Y la parte menos ágil y dúctil de lectura también existe, no seamos lerdos. Esa miríada de datos históricos, políticos y sociales tan presentes, recurrentes y hasta comprensiblemente odiosos para algunos a lo largo de la novela, a los que Hugo dedica capítulos enteros y que, cuanto menos, pueden conseguir que nos crispemos al desviarse metódicamente de la trama principal. Pero el escritor sabe por qué lo hace, precisamente porque es escrupulosamente metódico, tanto en lo expuesto como en la pulcra descripción de la historia de cada uno de los personajes que pululan y confluyen de alguna manera en la vida de Jean Valjean: los Thénardier, Fantine, Marius, Éponine, Gavroche, Enjolras… No es sólo el objetivo de acercar la sociedad francesa de la época, sus cambios drásticos y profundos a los posibles lectores, es un ir mucho más allá, algo necesario, imprescindible para entender la forma de actuar de cada una de las criaturas que expurgan sus penas a lo largo de las páginas de la novela: ¿es posible entender la conversión de Jean Valjean sin conocer la personalidad de Monseñor Bienvenieu tan magistralmente dispuesta en los primeros capítulos? ¿Sería viable captar la esencia del perdón que es capaz de otorgar Valjean sin conocer profusamente la realidad de los barrios bajos y la forma de vivir e incluso de hablar y relacionarse de los grupos marginales de París? ¿Entenderíamos las decisiones sociales de Marius, Enjolras o del propio Valjean en las barricadas, en su intrincado deambular si Hugo no se hubiera detenido de manera radical en la evolución socio-política de la Francia de la primera mitad del siglo XIX? El lector llora con Valjean porque comprende a Valjean, sabe por lo que ha tenido que pasar y más valor aún se le otorga por intentar salir del fango en medio del mismo fango.
Las mismas páginas de las que consta la obra serían necesarias tal vez para alcanzar a aprehender todos sus significados, pero seremos humildes, a pesar de la inusitada extensión -para mi habitual deseo- de esta parcial reseña, y tan sólo pido ser capaz de asumir mis miserias, las más crueles y estrambóticas, desde la realidad de sentirme amado tantas veces de manera inmerecida y casi injusta, al igual que Valjean, como el modo único de perdonar y elegir la bondad más allá de toda lógica.

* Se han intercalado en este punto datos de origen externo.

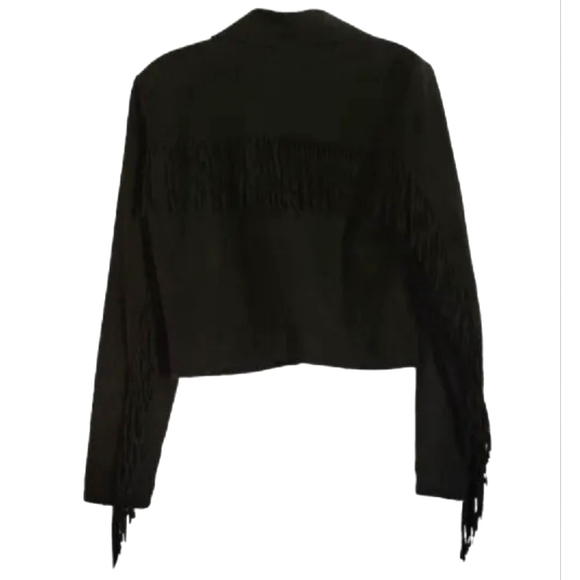 NAF NAF Paris Goat Suede Western Jacket Fringe Back & Sleeves Asymmetrical Zip - Picture 2 of 11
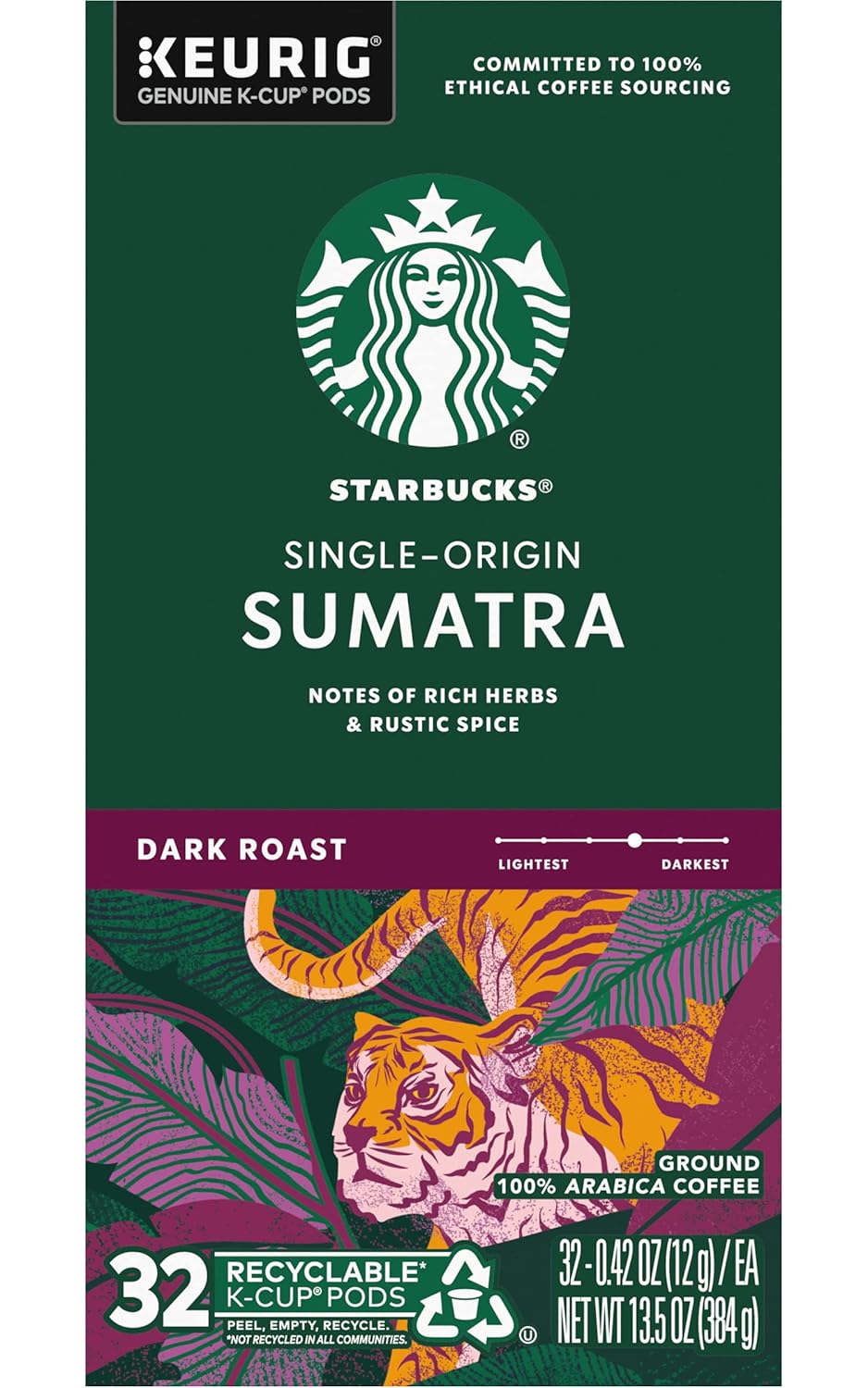 Starbucks K-Cup Pods - Sumatra Dark Roast Coffee - Single-Origin, 32 Count (Pack of 4)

Como me he extendido ‘necesariamente’ tan sólo unas pequeñas pinceladas dejo de lo que no puede describirse con palabras:
«La probidad, la sinceridad, el candor, la convicción, la idea del deber son cosas que en caso de error pueden ser repugnantes; pero, aún repugnantes, son grandes; su majestad, propia de la conciencia humana, subsiste en el horror; son virtudes que tienen un vicio, el error. La despiadada y honrada dicha de un fanático en medio de la atrocidad conserva algún resplandor lúgubre, pero respetable. Es indudable que Javert, en su felicidad, era digno de lástima, como todo ignorante que triunfa.»
«Al final del día eres un día más viejo. Y es todo lo que puedes decir por la vida del pobre. Es una batalla, es una guerra y no hay nada que nadie esté dando. Otro día más esperando de pie. ¿Para qué sirve? Un día menos para vivir. Al final del día tienes un día más de frío. Y la camisa en tu espalda no te resguarda del frío. Y los justos pasan deprisa. No oyen a los pequeños llorando. Y el invierno está llegando rápido, listo para matar. Un día más cerca de la muerte.»